## Aim of the task
Word for word, retype the lines from the one containing "Thumbnail Image 2" to the one containing "imageAmerican Trends 2" below, keeping both end lines and dropping the pictures.

## Materials provided
+++++
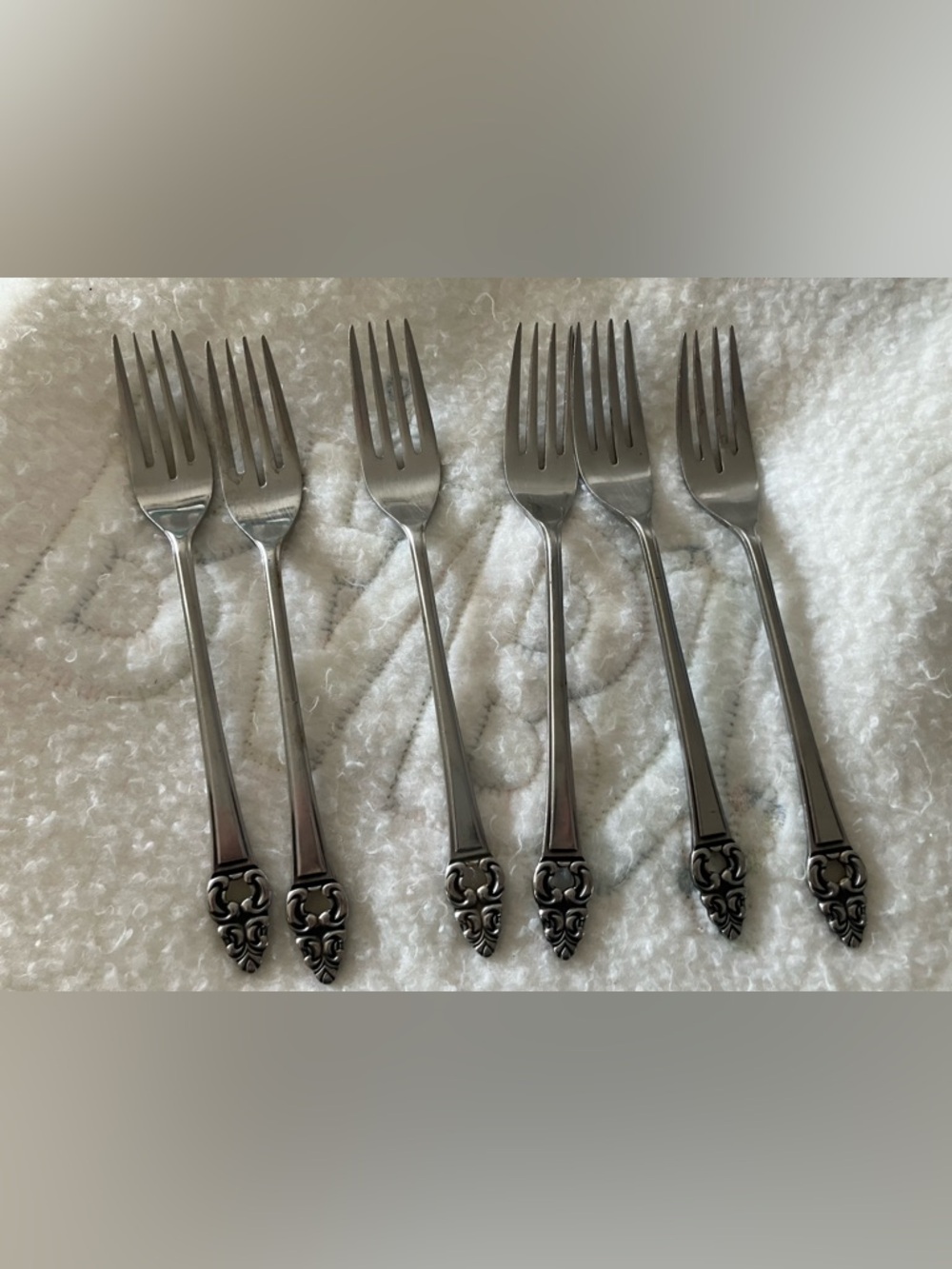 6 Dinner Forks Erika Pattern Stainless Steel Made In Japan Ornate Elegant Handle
+++++
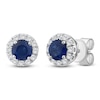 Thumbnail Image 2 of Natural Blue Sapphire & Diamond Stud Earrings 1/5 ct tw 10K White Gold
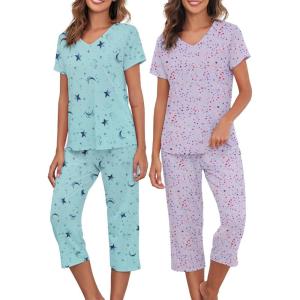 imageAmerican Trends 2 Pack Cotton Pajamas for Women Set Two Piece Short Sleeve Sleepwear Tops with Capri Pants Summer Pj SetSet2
+++++
## Problem solution
 Thumbnail Image 2 of Natural Blue Sapphire & Diamond Stud Earrings 1/5 ct tw 10K White Gold
 imageAmerican Trends 2 Pack Cotton Pajamas for Women Set Two Piece Short Sleeve Sleepwear Tops with Capri Pants Summer Pj SetSet2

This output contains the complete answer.